I wouldn't quite call a US$1350.00 laptop cheap. It's more like, it isn't catered to professionals and our needs, because I definitely get that impression between the design of the machine and the listing on their website.
That's not to say that all consumer-class laptops are cheap trash, even ones that used to be exactly that: take the Inspiron, from Dell. I had one back in the Core2 era with a midrange Pentium and it was put together like hot garbage, shiny fingerprint magnet plastic everywhere that cracked and broke if you breathed on it.
In September I took a chance and bought the $649 after-tax-and-shipping SKU of their Inspiron 14, because I needed a smaller machine for work than the local Walmart and Office Depot really had (they had smaller, but nothing that felt like it could live through a day in a backpack) and I needed it within a couple days. I'm very impressed with it. The only plastic part as far as I can tell is the bottom cover, and it's very well put together for what it is. I have no complaints for a machine I damn well expected to be sending back within the grace period once I settled on a refurbished Thinkpad or Latitude. I'm probably upgrading the RAM in it before summer, but that's not the machine's fault, that's more Dell's for having rigid SKUs instead of building to order on consumer stuff.
For my money I got:
- a 1080p matte IPS panel
- a backlit keyboard that actually doesn't feel too bad for a laptop from 2021
- 512GB of NVME storage
- 8GB of RAM in dual-channel (dual SO-DIMM slots, even, so I will be upgrading to at least 16, 8GB isn't quite enough to comfortably do what I need to)
- Win10 Home, which I immediately burnt one of our Pro keys on for Hyper-V manager and to be able to install RSAT
- an i5 11300H, which despite being "below" the i7, isn't so by an appreciable amount in the mobile SKU for Tiger Lake. It's still 4c/8t, it just clocks lower and has less cache, which I see as being able to more comfortably stay within heat specs.

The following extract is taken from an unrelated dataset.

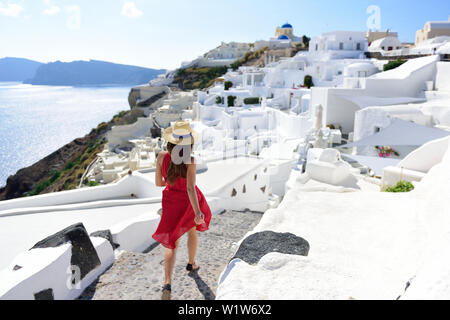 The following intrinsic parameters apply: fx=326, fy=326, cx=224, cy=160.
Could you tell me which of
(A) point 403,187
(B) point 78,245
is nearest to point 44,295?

I've never had issues with the display when I'm using it in a multi-head setup (and I do so often, when I'm at the office) and aside from maybe onboard ethernet, which I understand why they didn't put it on a 14" consumer-class thin-and-light, I have no complaints as to ports or the lack thereof. In that case, a dongle works fine.
That said, this does nothing to help you with your issue, and I sympathize with you wanting nothing to do with Windows 11 -- I personally have already sold my boss on commercial software that by and large restores the look and feel of previous Windows versions, StartAllBack, for when the hourglass runs out and we have to start deploying 11, and for my personal machine I hope to be dailying Linux again by the time it becomes the new minimum.
There's a trick to Windows 10/11 Home setup, even just the ending OOBE where OEMs typically leave you, where if you withhold an internet connection, it'll allow you to create a local account rather than forcing you to create a Microsoft account. Pro, however, like Chewy said, will let you do so regardless -- I've relied on this a handful of times setting up new machines to be deployed at a couple of our clients.